This is the first in a four-part series on personal finance for young lawyers. For more money talk, check out the cover story of the winter 2010 issue of Precedent, which offers tips on how to give, save and spend your legal salary.
Graduating law school with a massive student debt load can be a daunting experience. This week’s column provides law school graduates who are struggling to find work and re-pay debts with a game plan on how to overcome these obstacles.
1. Take a debt snapshot.
Find a financial advisor and discuss your debt. If you do not already have someone in mind, walk into your bank and ask the front desk to set you up with a financial advisor. Banks do this free of charge. When you meet with your financial advisor, take a snapshot of your debt —including credit cards, lines of credit and student loans— and devise a plan of attack on how to re-pay it as quickly as possible. Think of this experience as spring cleaning. You have just reached an incredible milestone in your life. Graduating from law school is no small feat. Taking a debt snapshot will clear your head. You will realize that debt is manageable so long as you have a realistic plan of eliminating it from your personal balance sheet.
2. Dust off the resume.
Now that you’ve devised a debt re-payment plan, hustle to land a legal job. Contact your parents, friends, parents of friends, law society, law school alumni networks and career development offices, and scour Precedent’s A-List, newspapers and other legal recruitment sources. Be pragmatic. To re-pay your debt and achieve financial peace of mind, you may need to take a job that is not ideal.
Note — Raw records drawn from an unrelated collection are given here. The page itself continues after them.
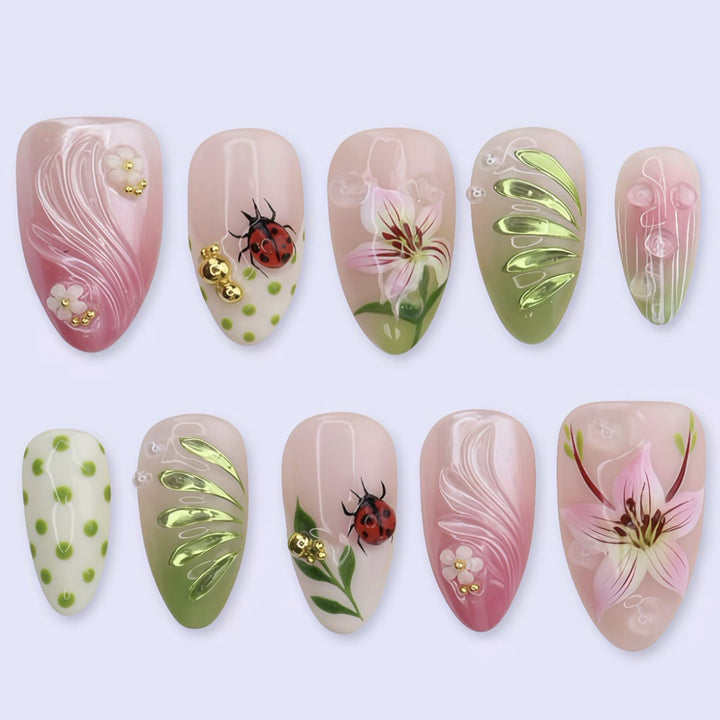 Artistic Floral-Decorated Press-On Nail Set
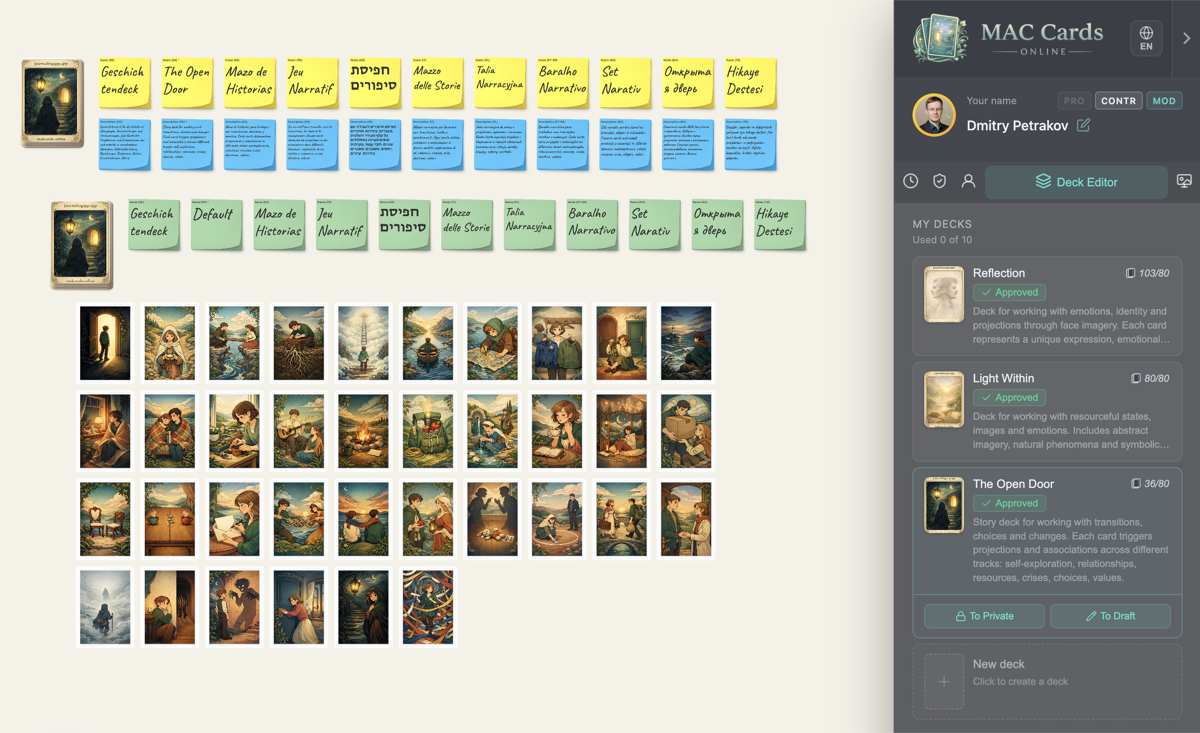 Deck editor interface — upload images, set up groups and descriptions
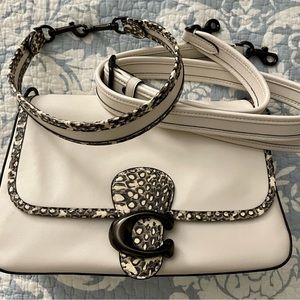**SOLD***Coach Soft Tabby Shoulder Bag. Chalk with snakeskin detail.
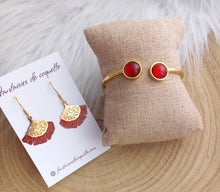 Charger l&#39;image dans la galerie, Boucles d&#39;oreilles  Ginkgo   ❤ rouge doré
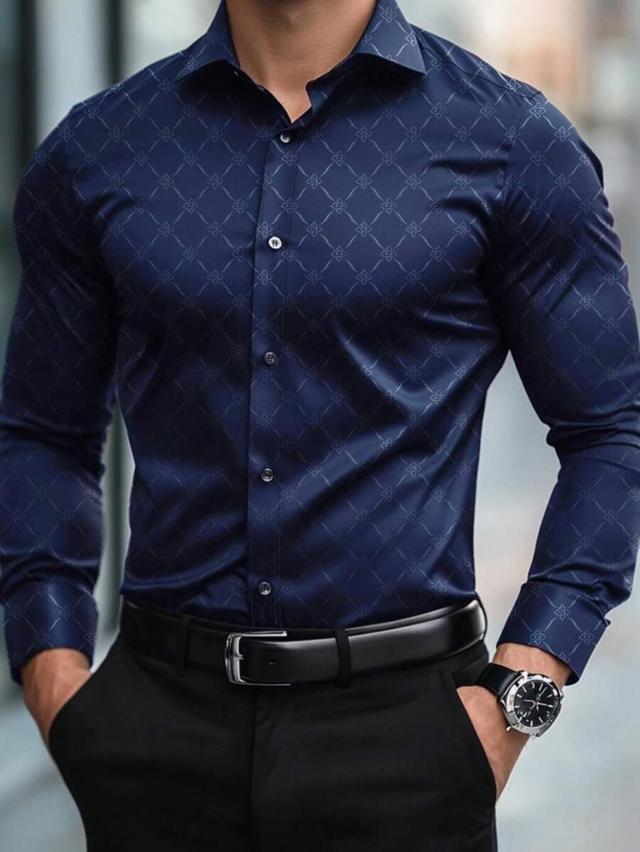 navy blue geometric print slim fit dress shirt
I recommend taking any law-related job that is offered in order to fill the coffers and begin re-paying your debt. While you may yearn to work at a litigation boutique, perhaps the only job available is at a legal research company. Take the job. Fill your bank account. Re-pay your debt.
3. Create a budget.
Creating a budget is an essential component of sound financial management. Sit down with your financial advisor to ensure that you do this thoroughly. In your budget, list the income from your job, your expenses and your debt re-payment commitments. Your budget will become a useful tool you can use to ensure that your debt is being re-paid and that you’re not spending more than you earn. For one month, record every dollar you spend. At the month’s end, compare your expenditures to your budget. Creating your budget and tracking your expenses will allow you to think strategically about saving, spending and paying off your debt.
4. Live frugally.
Frugal living should be another component in your debt reduction strategy. Though a diploma’s now hanging on your wall, that doesn’t mean that you should stop living like a student. I recommend instituting the following suggestions until your debt has been re-paid: move in with your parents, take public transportation, make your own coffee, avoid buying a car, cancel your gym membership and run outside, avoid excessive bar tabs, pay cash and discover economical means of socializing, such as skating, picnics, sports and free cultural events. Though frugal living can be brutal, remember that it’s temporary. A few years of frugal living is essential to achieving debt-free existence.
Adam R. Freedman practices corporate law in Toronto.